**WHAT YOU ARE ASKED TO DO**
Nothing but the lines from the one containing "Trockenblumengesteck 5" through the last line of the material should appear in the answer, transcribed exactly, pictures excluded.

DATASET EXTRACT below:

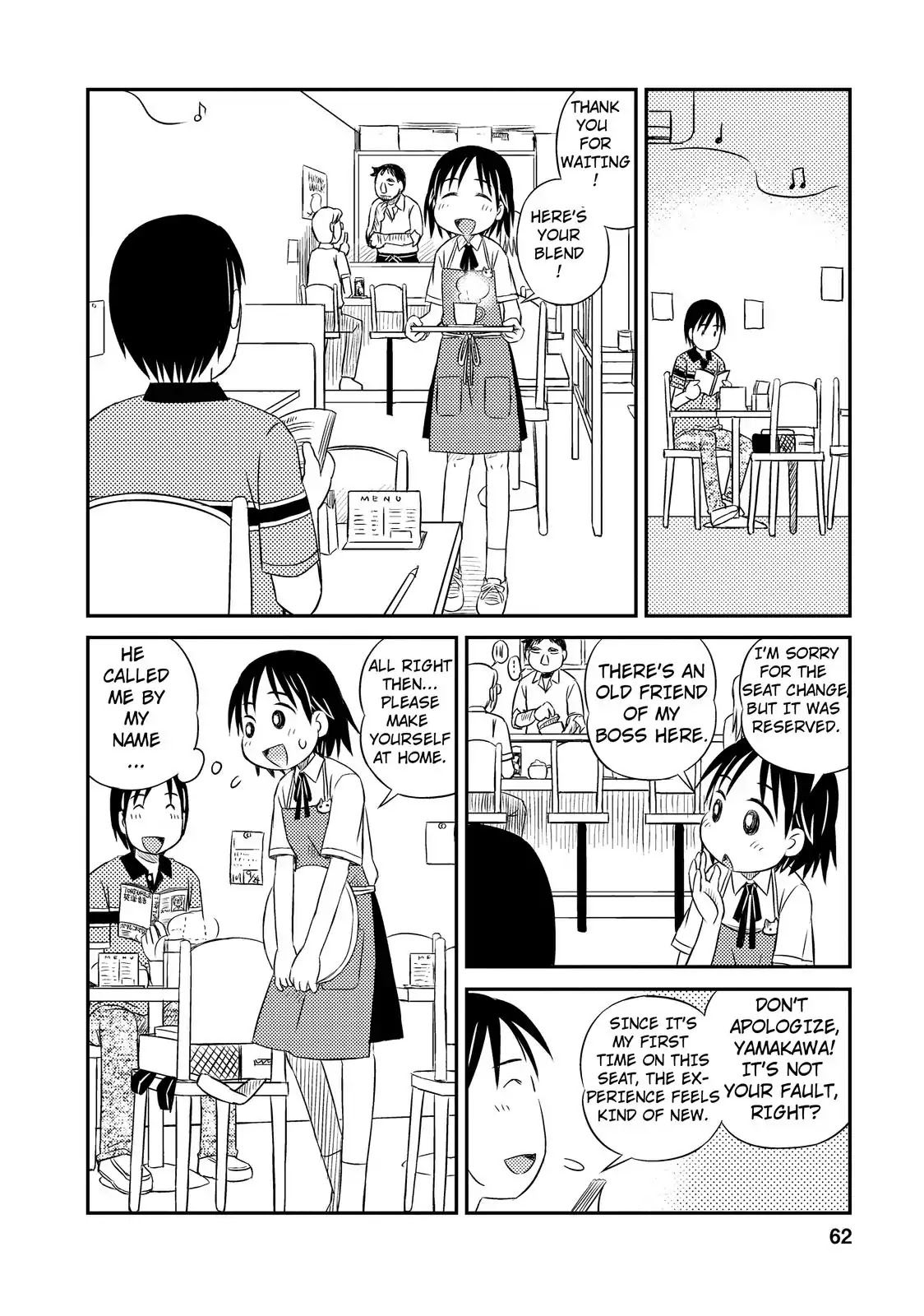 When I'm with You Chapter 3 page 6 - Chapter 3: Call and Response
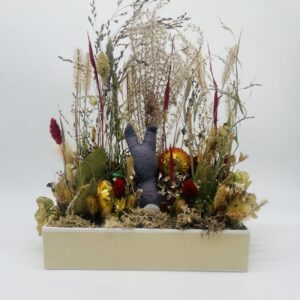 Trockenblumengesteck 5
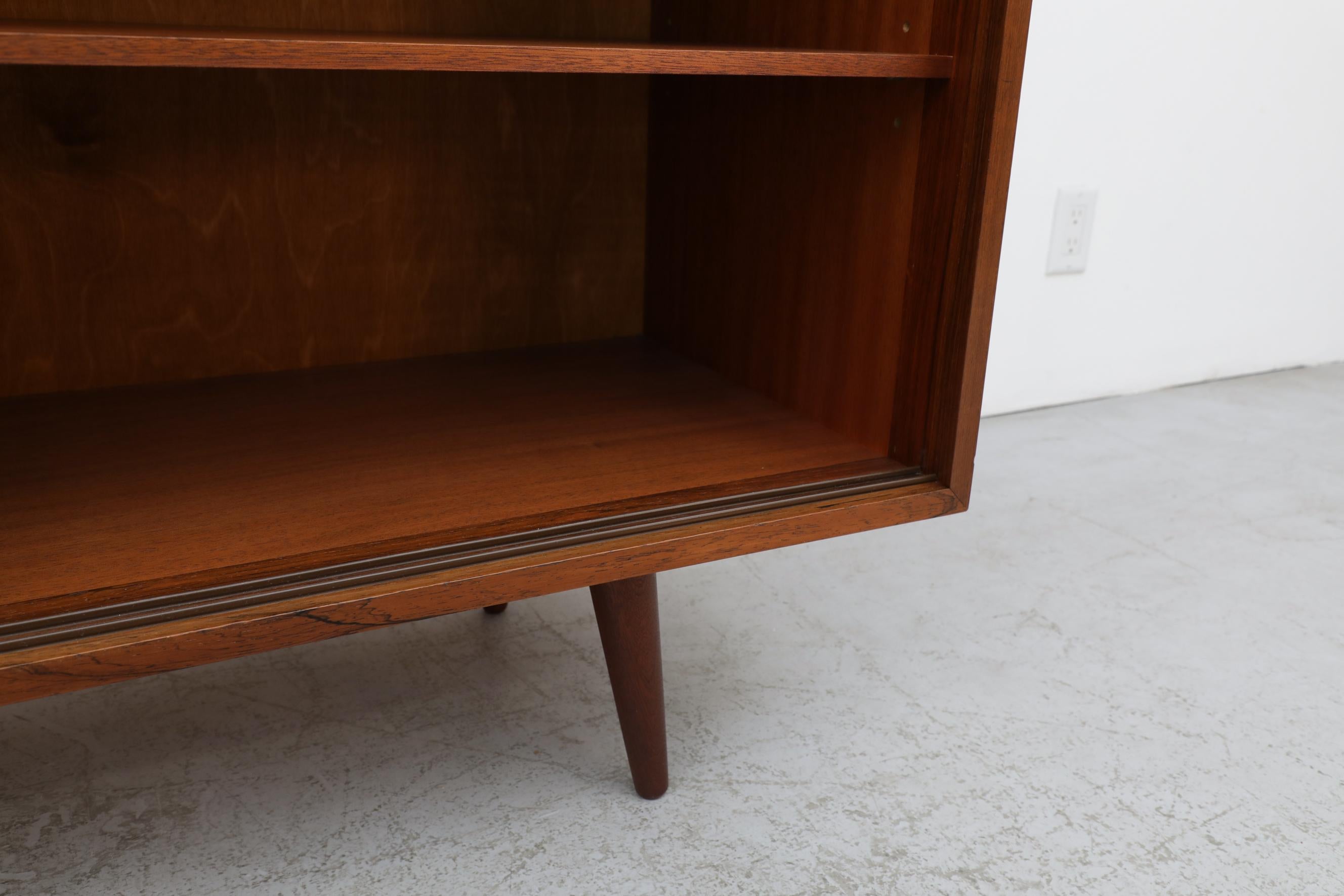 Mid-Century Danish Rosewood Sideboard by Dammand & Rasmussen Møbelfabrik 9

End of DATASET EXTRACT.

**RESPONSE BOX**
 Trockenblumengesteck 5
 Mid-Century Danish Rosewood Sideboard by Dammand & Rasmussen Møbelfabrik 9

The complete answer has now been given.